■ The problem
The stretch wanted below opens at the line containing "A close-up of" and closes at the line containing "欧货高端定制灰色毛呢大码阔腿裤". Please return it exactly, with no other lines.

■ Exercise data
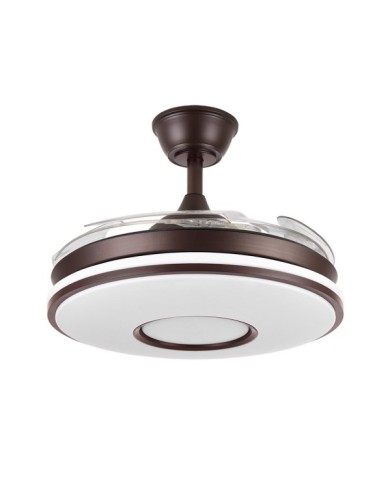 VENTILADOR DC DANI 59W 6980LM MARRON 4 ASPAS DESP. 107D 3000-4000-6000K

---

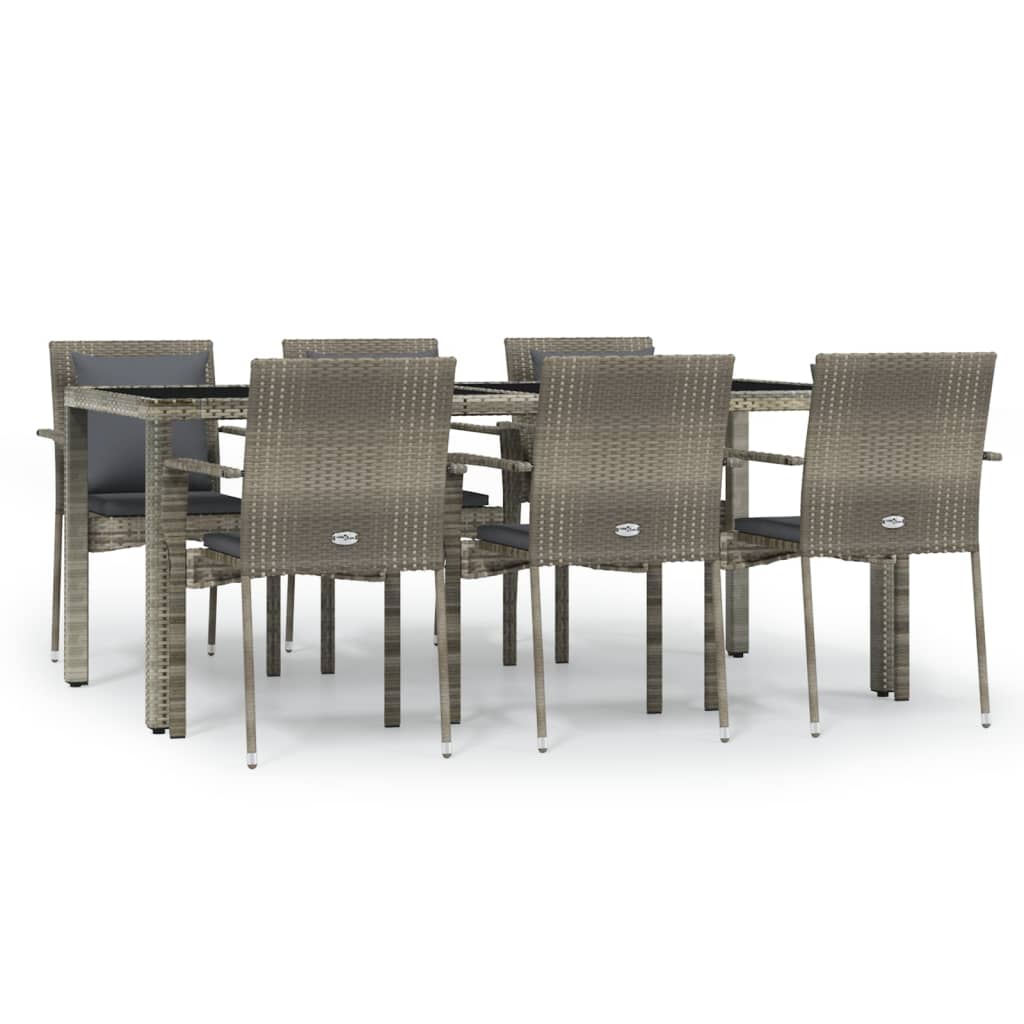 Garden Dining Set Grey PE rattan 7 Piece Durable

...

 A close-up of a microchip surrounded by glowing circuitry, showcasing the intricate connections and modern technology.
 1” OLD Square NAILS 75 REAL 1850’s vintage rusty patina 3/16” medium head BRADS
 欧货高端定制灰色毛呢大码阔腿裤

■ Exercise solution
 A close-up of a microchip surrounded by glowing circuitry, showcasing the intricate connections and modern technology.
 1” OLD Square NAILS 75 REAL 1850’s vintage rusty patina 3/16” medium head BRADS
 欧货高端定制灰色毛呢大码阔腿裤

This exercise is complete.